Task description
Only the lines from the one containing "Midnight Leaves: Midnight" to the end of the data should be copied, exactly and without pictures.

Information shown
========================
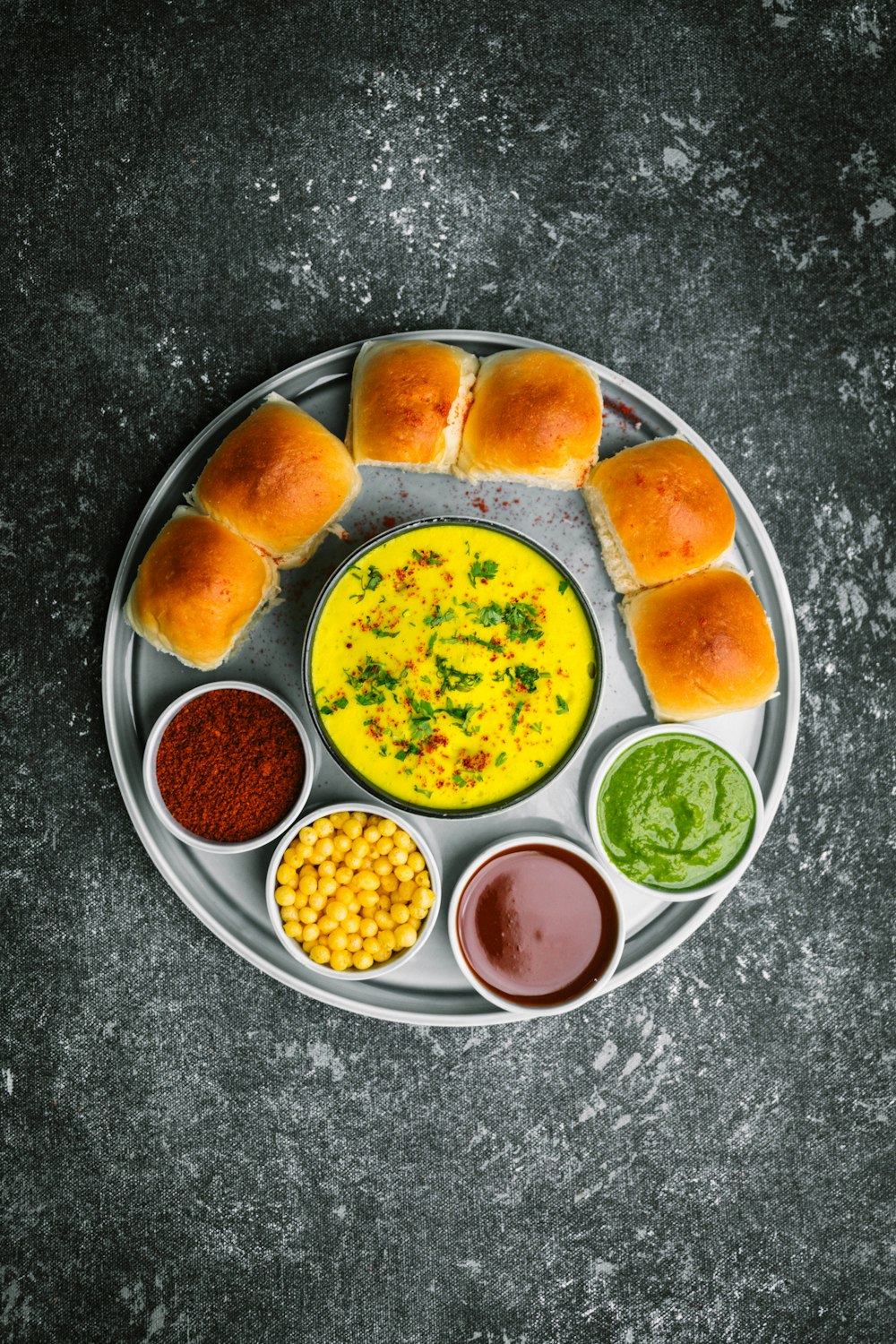 a plate of food that includes bread, dips, and sauces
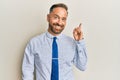 Handsome middle age man wearing business shirt and tie with a big smile on face, pointing with hand and finger to the side looking Royalty Free Stock Photo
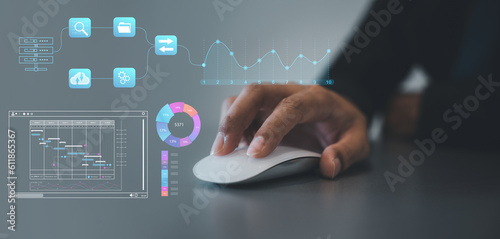 Person using computer mouse for HR and people analytics, transforming the HR landscape for sustainable business success. Deeply data-driven people processes. Data Management System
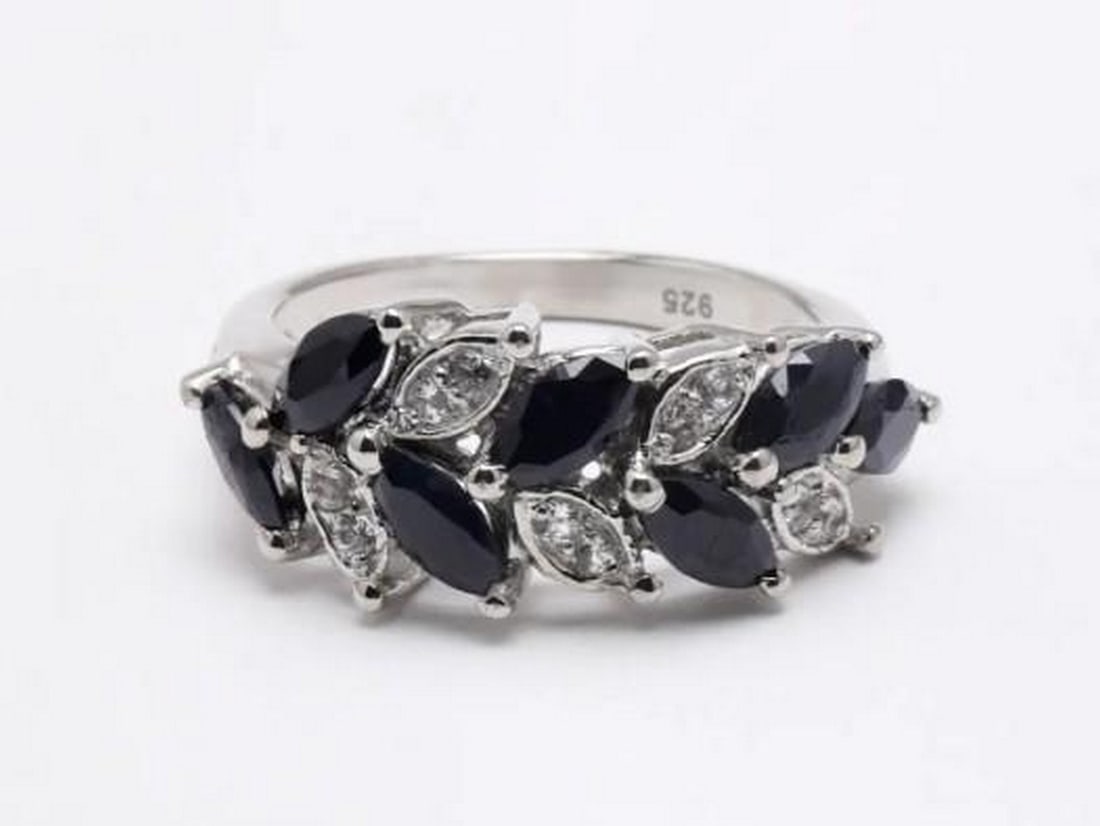 Midnight Leaves: Midnight Leaves — Black Onyx and Cubic Zirconia Ring Embrace the allure of nature with this stunning ring, crafted to resemble a delicate, stylized leaf. The intricate design features a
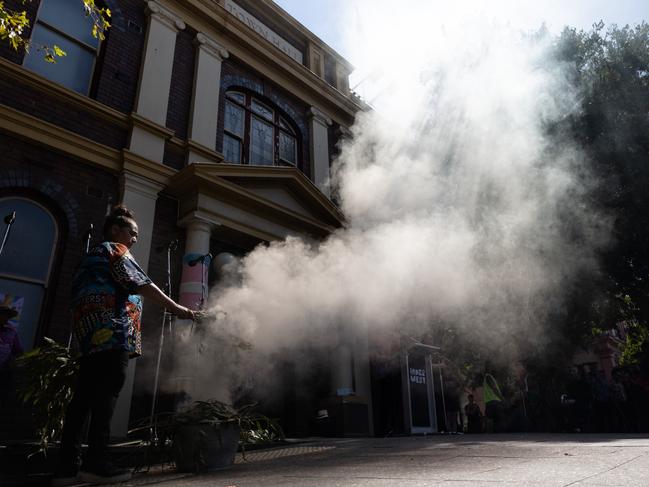 SYDNEY, AUSTRALIA - FEBRUARY 11: A smoking ceremony is performed during the launch of Newtown Pride Square on February 11, 2023 in Sydney, Australia. Sydney is hosting WorldPride from 17 February to 5 March 2023. (Photo by Sean Foster/Getty Images)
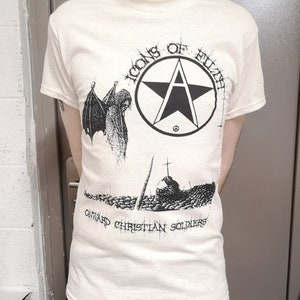 May include: A white t-shirt with a black and white graphic print. The graphic features a pentagram with a peace sign inside, a winged demon, and the text "Icons of  Elite" and "Onward Christian Soldiers".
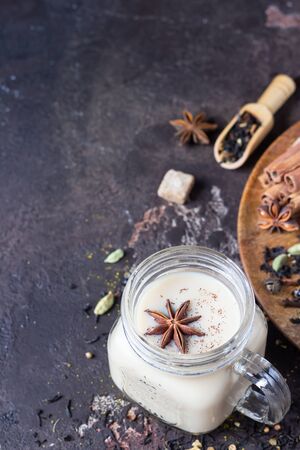 Mason jar with traditional Indian masala chai tea on dark stone background. Spiced hot tea with milk and spices for making tea - cinnamon, anise, cardamom, nutmeg, pepper and brown sugar.の写真素材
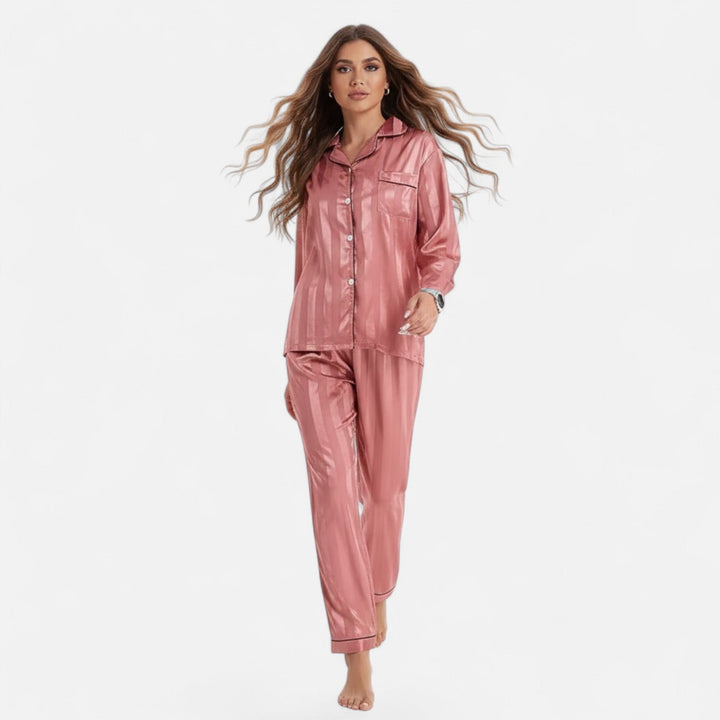 Women's long sleeve bold stripe lounge set, a comfortable and elegant two-piece for relaxed at-home fashion.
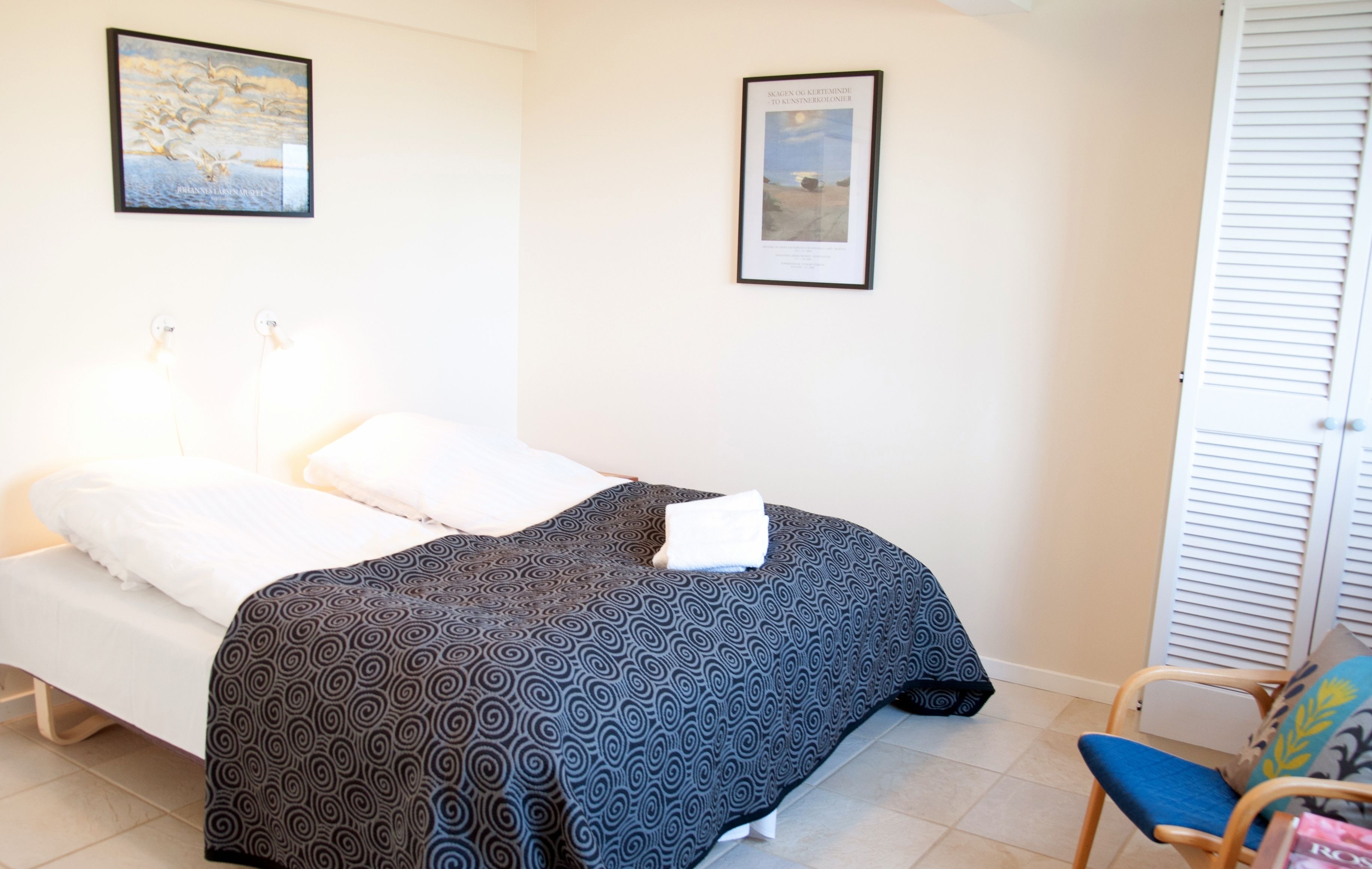 Une chambre à coucher avec un lit, une chaise et deux tableaux encadrés accrochés au mur.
========================
Task response
 Midnight Leaves: Midnight Leaves — Black Onyx and Cubic Zirconia Ring Embrace the allure of nature with this stunning ring, crafted to resemble a delicate, stylized leaf. The intricate design features a
 SYDNEY, AUSTRALIA - FEBRUARY 11: A smoking ceremony is performed during the launch of Newtown Pride Square on February 11, 2023 in Sydney, Australia. Sydney is hosting WorldPride from 17 February to 5 March 2023. (Photo by Sean Foster/Getty Images)
 May include: A white t-shirt with a black and white graphic print. The graphic features a pentagram with a peace sign inside, a winged demon, and the text "Icons of  Elite" and "Onward Christian Soldiers".
 Mason jar with traditional Indian masala chai tea on dark stone background. Spiced hot tea with milk and spices for making tea - cinnamon, anise, cardamom, nutmeg, pepper and brown sugar.の写真素材
 Women's long sleeve bold stripe lounge set, a comfortable and elegant two-piece for relaxed at-home fashion.
 Une chambre à coucher avec un lit, une chaise et deux tableaux encadrés accrochés au mur.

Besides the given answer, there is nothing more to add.